Since one image contains now more than one card, a possible label for this image would look like: [0,1,0,...,1,0,0].
I would start with the same network architecture, but:
I think for this problem I have to use now sigmoid instead of softmax (since each class is independent) in the last layer.
For the loss I would simply use something like mse = tf.keras.losses.MeanSquaredError()
For the accuracy I am not sure.
model.add(layers.Dense(52, activation='sigmoid'))
adam = keras.optimizers.Adam(lr=0.00001)
model.compile(loss=mse ,metrics=['__?__'],optimizer=adam)

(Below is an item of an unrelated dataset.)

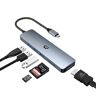 AYCLIF 6 in 1 USB C Hub, USB C Adapter 4K HDMI Dual Display, Mulriport Hub Dock 5 Gbit/s (SD/TF Card Reader, USB A 3.0) voor MacBook Pro/Air, Dell, HP, Lenovo, Surface, XPS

How wrong am I with these settings?
I searched a lot - but confusingly I am not finding some helpful comments. People give always some hints as using YOLO - but I wont detect objects - I only want to classify: In the picture there is a ace of hearts and a king of hearts for example - where they are doesnt matter.
One more confusion: I red several times that CNN can only classify single class problems - is that true? I hope not - but if it is, why and how can I still solve my problem using keras?
Here is the total network:
model = models.Sequential()
model.add(layers.Conv2D(32, (5, 5), activation='relu',input_shape=(500, 500, 3)))
model.add(BatchNormalization())
model.add(layers.MaxPooling2D((4, 4)))
model.add(layers.Conv2D(64, (5, 5), activation='relu'))
model.add(layers.MaxPooling2D((4, 4)))
model.add(BatchNormalization())
model.add(layers.Conv2D(64, (5, 5), activation='relu'))
model.add(layers.MaxPooling2D((3, 3)))
model.add(BatchNormalization())
model.add(layers.Conv2D(64, (3, 3), activation='relu'))
model.add(BatchNormalization())
model.add(layers.Flatten())
model.add(layers.Dense(64, activation='relu'))
model.add(layers.Dropout(0.2))
model.add(layers.Dense(52, activation='softmax'))